TASK DIRECTIONS:
Write out exactly the lines below starting at the one containing "Farm Rio Long-Sleeved" and ending at the one containing "Calvin Klein sports bra - Picture 2 of 4". Omit every picture.

EXTRACTED ENTRIES:
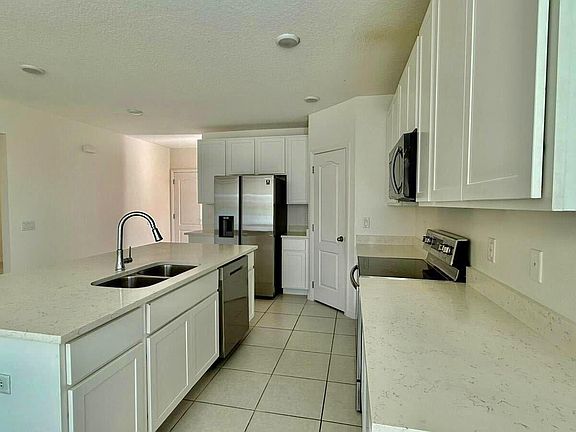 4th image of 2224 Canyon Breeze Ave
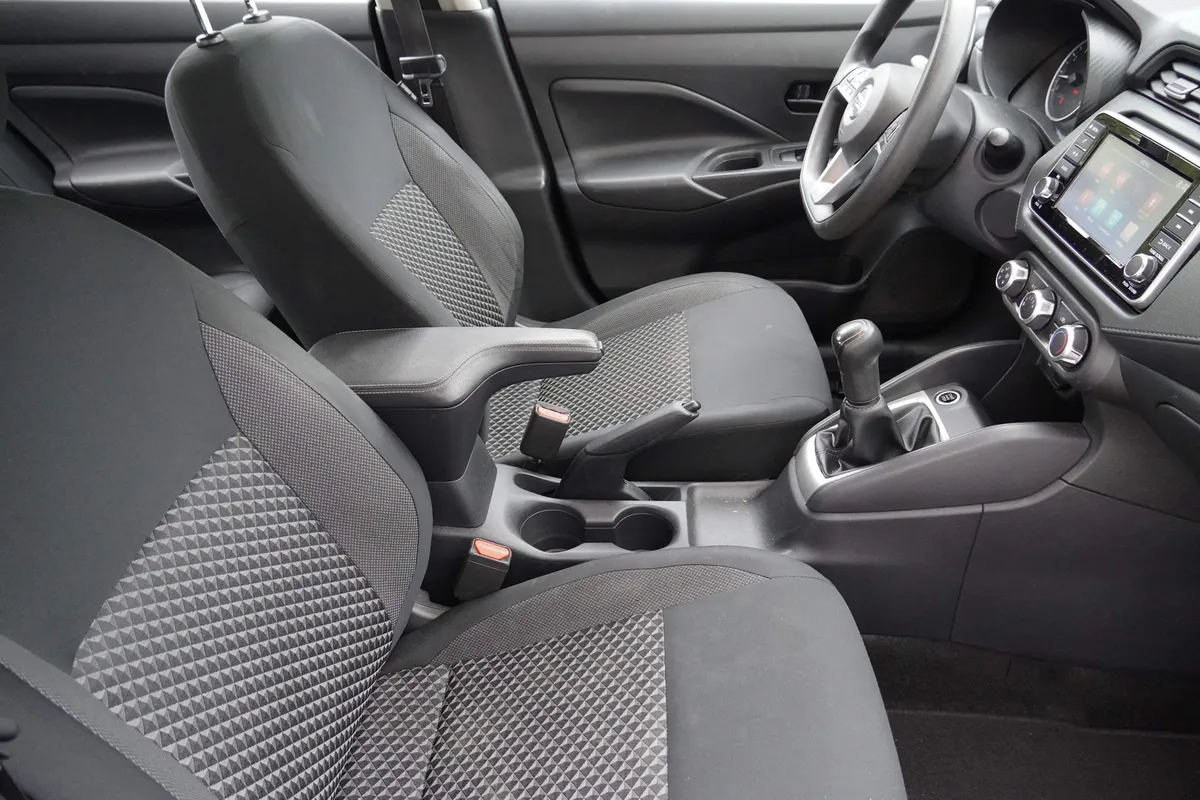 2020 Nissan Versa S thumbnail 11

==

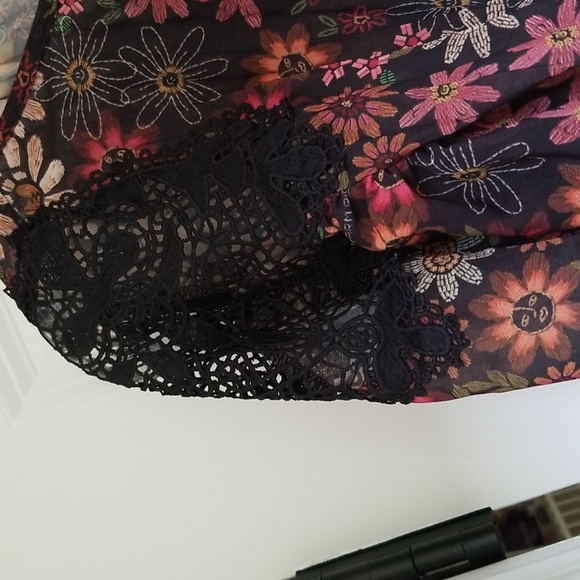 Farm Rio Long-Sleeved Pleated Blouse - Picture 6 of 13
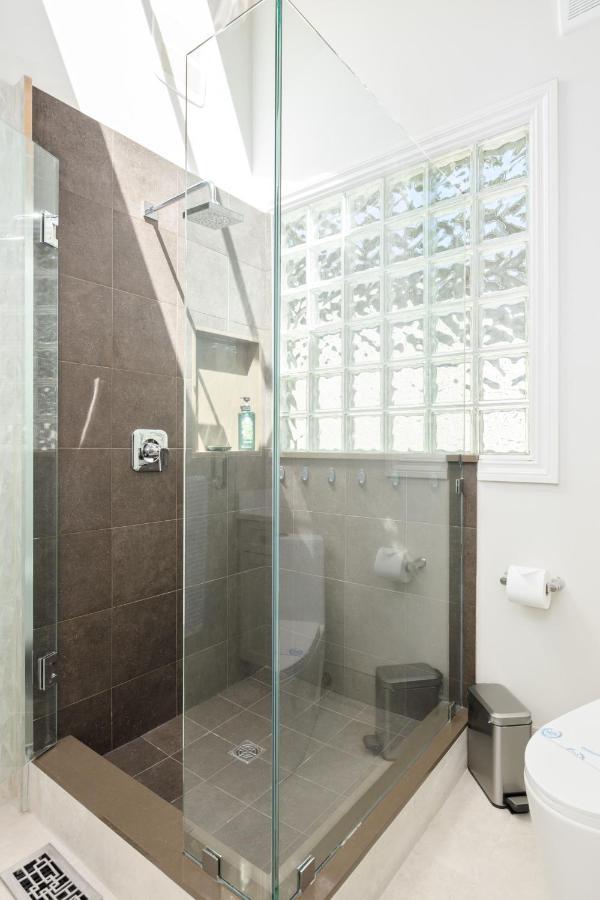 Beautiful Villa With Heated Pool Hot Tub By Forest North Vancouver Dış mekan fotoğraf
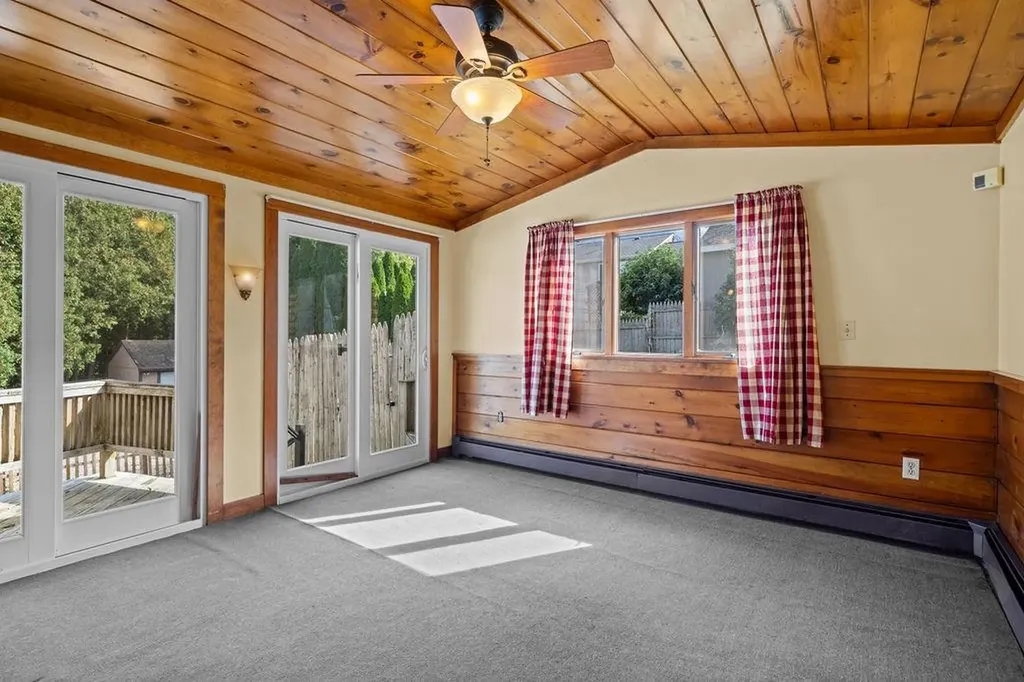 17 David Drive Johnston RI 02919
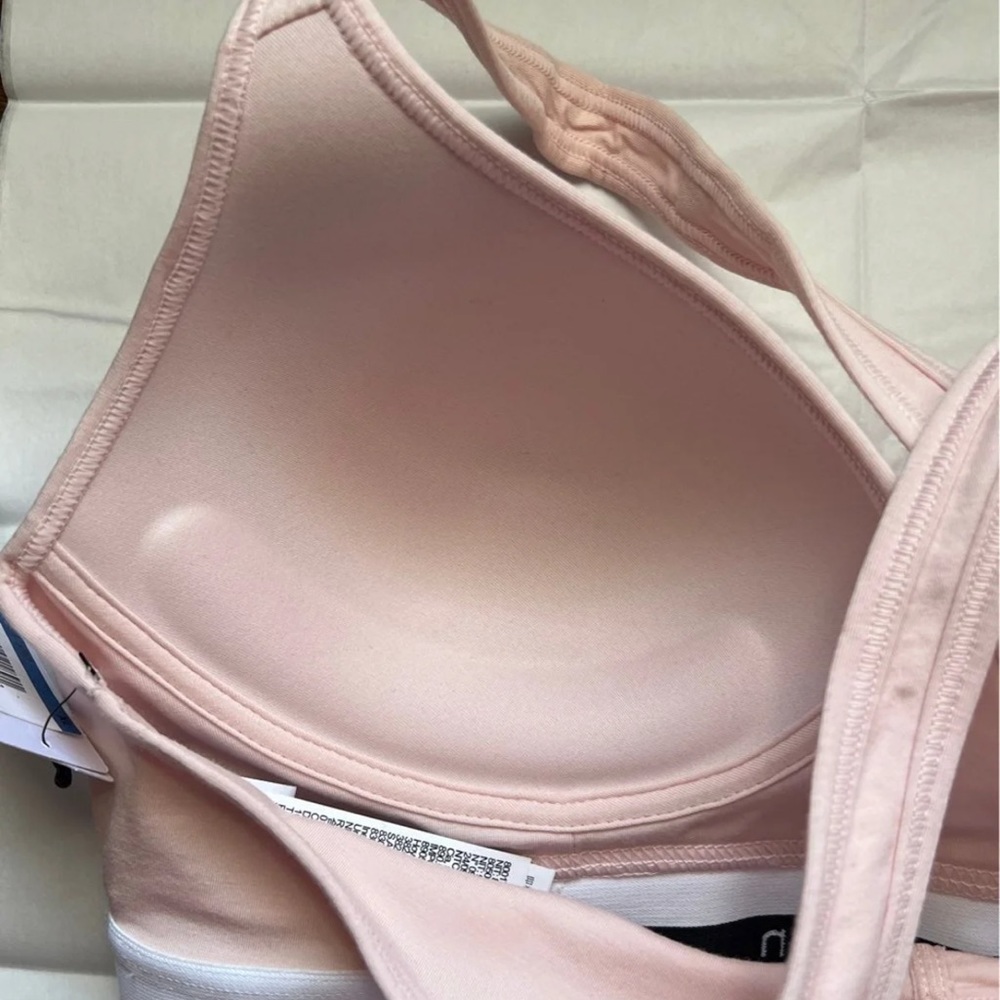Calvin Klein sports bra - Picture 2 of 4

--

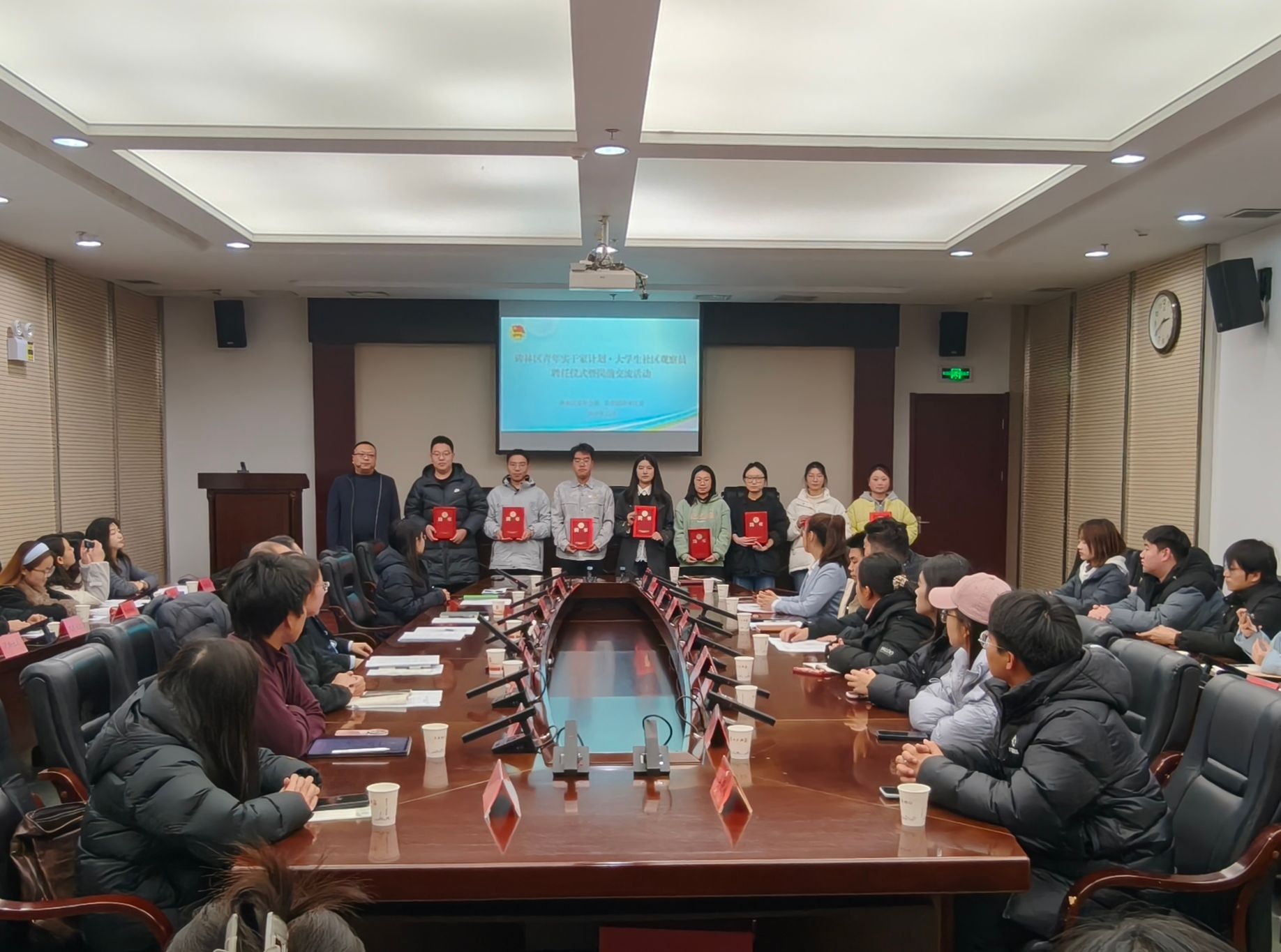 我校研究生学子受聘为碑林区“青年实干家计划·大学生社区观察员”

ANSWER SPACE:
 Farm Rio Long-Sleeved Pleated Blouse - Picture 6 of 13
 Beautiful Villa With Heated Pool Hot Tub By Forest North Vancouver Dış mekan fotoğraf
 17 David Drive Johnston RI 02919
Calvin Klein sports bra - Picture 2 of 4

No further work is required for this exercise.